What space dust could tell us about Earth’s past
Earth’s atmosphere has changed throughout our planet’s history, helping to regulate climate—but finding evidence for changes from billions of years ago remains a challenge. We may be able to learn about the composition of the atmosphere billions of years ago using tiny iron micrometeorites.
Determining the composition of Earth's current atmosphere is relatively straightforward, using direct measurements, remote sensing via satellites, and sampling by aircraft. It is far more complicated to determine the composition of Earth's past atmosphere, going as far back as 4.6 billion years ago. Bubbles in ice cores can capture samples of the atmosphere's past, but the oldest ice on Earth, from Antarctic ice cores, is only a few million years old. For information dating back as far as 3.5 billon years ago, scientists can use fossilized soils, called paleosols, since the minerals in them reflect the atmosphere's composition at that time. Analysis of paleosols indicates that prior to 2.5 billion years ago, Earth's atmosphere was mostly composed of nitrogen (N2) and carbon dioxide (CO2), but the relative amount of each gas is tough to pinpoint. Paleosols can be considerably altered by time and environmental factors like rainfall, and some the data obtained from them can be variable and even contradicting. Therefore, questions persist about the early Earth's atmosphere.
Micrometeorites offer a new, novel means of studying the ancient atmosphere. Micrometeorites—as their name suggests—are very small meteorites, with sizes typically between a speck of dust and a grain of sand. Iron micrometeorites enter the atmosphere as iron metal and collide with air particles in their path. These collisions slow the tiny meteorites and cause them to briefly heat, melt, and crystallize while they are still tens of kilometers above the ground. While molten, the iron reacts with oxygen and carbon dioxide in the air, forming iron oxide minerals (namely wüstite and magnetite). The oxidized micrometeorites eventually reach the ground, where some may land in mud and become trapped, preserving them in rock.

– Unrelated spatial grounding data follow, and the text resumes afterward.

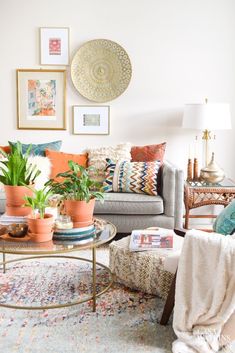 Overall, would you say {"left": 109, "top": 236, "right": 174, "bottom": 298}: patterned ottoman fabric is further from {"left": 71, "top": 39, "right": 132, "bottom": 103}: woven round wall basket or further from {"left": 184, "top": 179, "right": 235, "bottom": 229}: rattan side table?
{"left": 71, "top": 39, "right": 132, "bottom": 103}: woven round wall basket

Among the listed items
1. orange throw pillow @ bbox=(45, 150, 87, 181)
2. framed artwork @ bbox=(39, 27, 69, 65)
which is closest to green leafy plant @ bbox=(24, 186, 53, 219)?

A 2017 study collected a number of oxidized 2.7-billion-year-old iron micrometeorites, suggesting these might be a new means of “sampling” the composition of the early Earth's atmosphere. Because iron micrometeorites are oxidized to specific iron oxides while they travel through the atmosphere, their composition reflects the composition of the Earth's atmosphere at the time. Using this data, combined with the knowledge that the atmosphere 2.7 billion years ago was largely composed of N2 and CO2, we determined that at least 25% of the atmosphere (and up to about 50%) would need to have been CO2 for micrometeorites to have the detected oxide combination.
This amount of CO2 may seem high in comparison to today's atmospheric CO2 content of 0.04%. However, there is evidence of glaciers at the poles 2.7 billion years ago, which suggests that the global climate was about as warm then as it is today. We used a climate model to calculate the likely global climate based on the data from the micrometeorites, and found that a high amount of CO2 in the atmosphere would have been crucial for keeping the planet warm enough to support life at that time. The high CO2 was likely just enough to keep the early Earth warm considering that the Sun was about 15% dimmer 2.7 billion years ago (stars like our Sun tend to brighten over time, as they undergo more and more nuclear fusion). There is also evidence that the atmosphere contained less N2compared to today, meaning that atmospheric pressure may have been lower, which would also have resulted in cold global temperatures without abundant CO2.
Iron micrometeorites are a new representation of the ancient atmosphere, but our analysis indicates that they are worth exploring even further. The data we get from them can help us answer persisting questions, and the picture they paint of the Earth's atmosphere 2.7 billion years ago corresponds with, and expands upon, our current understanding about the world at that time. As we study micrometeorites further, these little specks of space dust may help us answer big questions about the evolution of our planet's atmosphere through deep time.
Payne, R. C., Brownlee, D. & Kasting, J. F. Oxidized micrometeorites suggest either high pCO2 or low pN2 during the Neoarchean. Proc. Natl. Acad. Sci. U. S. A. 117, 1360-1366 (2020).